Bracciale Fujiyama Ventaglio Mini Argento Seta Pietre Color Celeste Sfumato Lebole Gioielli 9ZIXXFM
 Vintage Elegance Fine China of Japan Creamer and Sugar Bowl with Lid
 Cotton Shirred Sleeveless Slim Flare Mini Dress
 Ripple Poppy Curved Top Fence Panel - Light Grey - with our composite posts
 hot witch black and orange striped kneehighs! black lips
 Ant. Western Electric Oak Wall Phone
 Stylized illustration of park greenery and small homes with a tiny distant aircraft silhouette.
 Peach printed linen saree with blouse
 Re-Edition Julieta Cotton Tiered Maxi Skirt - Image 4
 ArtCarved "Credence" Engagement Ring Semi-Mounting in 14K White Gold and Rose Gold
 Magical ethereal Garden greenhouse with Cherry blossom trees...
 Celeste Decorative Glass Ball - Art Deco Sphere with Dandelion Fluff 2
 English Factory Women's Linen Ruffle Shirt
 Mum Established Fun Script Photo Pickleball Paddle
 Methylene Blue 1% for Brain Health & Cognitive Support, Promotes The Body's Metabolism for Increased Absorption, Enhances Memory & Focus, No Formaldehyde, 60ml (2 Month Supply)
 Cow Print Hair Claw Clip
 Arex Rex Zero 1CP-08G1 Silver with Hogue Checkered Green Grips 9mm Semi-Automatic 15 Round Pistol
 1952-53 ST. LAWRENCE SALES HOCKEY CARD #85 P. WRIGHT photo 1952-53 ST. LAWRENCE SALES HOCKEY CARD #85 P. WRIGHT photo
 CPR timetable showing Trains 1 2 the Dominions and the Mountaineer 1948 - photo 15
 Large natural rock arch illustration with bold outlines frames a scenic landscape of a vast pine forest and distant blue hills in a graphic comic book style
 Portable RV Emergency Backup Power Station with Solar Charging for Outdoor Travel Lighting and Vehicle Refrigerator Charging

· · ·

■ **Exercise instructions**
From the line containing "Celeste Decorative Glass" down to the final line of the records above, copy everything exactly and include nothing else.

■ **Answer below**
 Celeste Decorative Glass Ball - Art Deco Sphere with Dandelion Fluff 2
 English Factory Women's Linen Ruffle Shirt
 Mum Established Fun Script Photo Pickleball Paddle
 Methylene Blue 1% for Brain Health & Cognitive Support, Promotes The Body's Metabolism for Increased Absorption, Enhances Memory & Focus, No Formaldehyde, 60ml (2 Month Supply)
 Cow Print Hair Claw Clip
 Arex Rex Zero 1CP-08G1 Silver with Hogue Checkered Green Grips 9mm Semi-Automatic 15 Round Pistol
 1952-53 ST. LAWRENCE SALES HOCKEY CARD #85 P. WRIGHT photo 1952-53 ST. LAWRENCE SALES HOCKEY CARD #85 P. WRIGHT photo
 CPR timetable showing Trains 1 2 the Dominions and the Mountaineer 1948 - photo 15
 Large natural rock arch illustration with bold outlines frames a scenic landscape of a vast pine forest and distant blue hills in a graphic comic book style
 Portable RV Emergency Backup Power Station with Solar Charging for Outdoor Travel Lighting and Vehicle Refrigerator Charging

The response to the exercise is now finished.